The lava lake reached the top and spilled over the top into the much  bigger Halemaumau crater during the night.  Of course, the lava lake is inside a much larger crater (280 feet deep) that will easily contain any lava that comes out of the lake.

http://www.staradvertiser.com/news/...on.html?utm_source=dlvr.it&utm_medium=twitter

This image shows where a glob of lava blew out of the lake and landed on the camera.  The "blue" water is lava reflecting the blue sky.


----------



## DaveNV (Apr 29, 2015)

DeniseM said:


> The lava lake reached the top and spilled over the top into the much  bigger Halemaumau crater during the night.  Of course, the lava lake is inside a much larger crater (280 feet deep) that will easily contain any lava that comes out of the lake.
> 
> http://www.staradvertiser.com/news/...on.html?utm_source=dlvr.it&utm_medium=twitter
> 
> This image shows where a glob of lava blew out of the lake and landed on the camera.  The "blue" water is lava reflecting the blue sky.
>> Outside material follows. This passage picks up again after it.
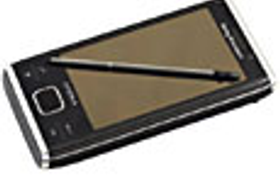 Коммуникатор Sony Ericsson Xperia X2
This is so awesome!  I hope it's still happening when we get there next month. Fingers crossed! 

And I wonder if that camera still works?

Dave


----------



## hypnotiq (Apr 29, 2015)

Sooooo cool!


----------



## Egret1986 (Apr 29, 2015)

*Me, too!*



BMWguynw said:


> This is so awesome!  I hope it's still happening when we get there next month. Fingers crossed!
> 
> And I wonder if that camera still works?
> 
> Dave



Our first Hawaii trip!  :whoopie:


----------



## DeniseM (Apr 29, 2015)

BMWguynw said:


> This is so awesome!  I hope it's still happening when we get there next month. Fingers crossed!
> 
> And I wonder if that camera still works?
> 
> Dave



Yes - surprisingly, the camera still works!


----------



## DaveNV (Apr 30, 2015)

And now there's video. Brings to mind the BEST advertising slogan I have ever read.  Back about 1970, the Hawaii Tourist Bureau had a bunch of magazine ads to promote tourism.  They were night time images that were very similar to this video.  They had the greatest caption ever,  (wait for it...)

"Hawaii looks like Hell."

https://www.facebook.com/HawaiiNewsNow/videos/10153200251345479/?video_source=pages_finch_main_video

Dave


----------



## artringwald (Apr 30, 2015)

My friend, Arthur the Mothman, isn't going back there. Too dangerous!


----------



## Kauai Kid (Apr 30, 2015)

A long ways away from the Big Island but the Lava Lake Under the Yelowstone Super Volcano is much bigger than previously stated.  If it blows it will make Mt St Helen's volcano look like a teenager's zit.

Sterling


----------



## DaveNV (Apr 30, 2015)

Kauai Kid said:


> A long ways away from the Big Island but the Lava Lake Under the Yelowstone Super Volcano is much bigger than previously stated.  If it blows it will make Mt St Helen's volcano look like a teenager's zit.
> 
> Sterling





Aah, but Sterling, by the time we could see Yellowstone's lava lake, we'd all be in seriously deep trouble.  This one is much easier, and safer, to view. 

Dave


----------



## DeniseM (Apr 30, 2015)

Lava continues to spill over the top of the lava lake:

More info.:  http://www.bigislandvideonews.com/2...ssue-special-statement-on-lava-lake-overflow/


----------



## DaveNV (Apr 30, 2015)

Great pictures!  I just booked a night at the Kilauea Army Camp for one of the nights we're on the Big Island in June. After our wedding dinner at Kilauea Lodge celebrating my brother's wedding that day, we want to spend more time viewing things after dark without driving all the way back to Kona.  I sure hope this activity is still happening when we're there!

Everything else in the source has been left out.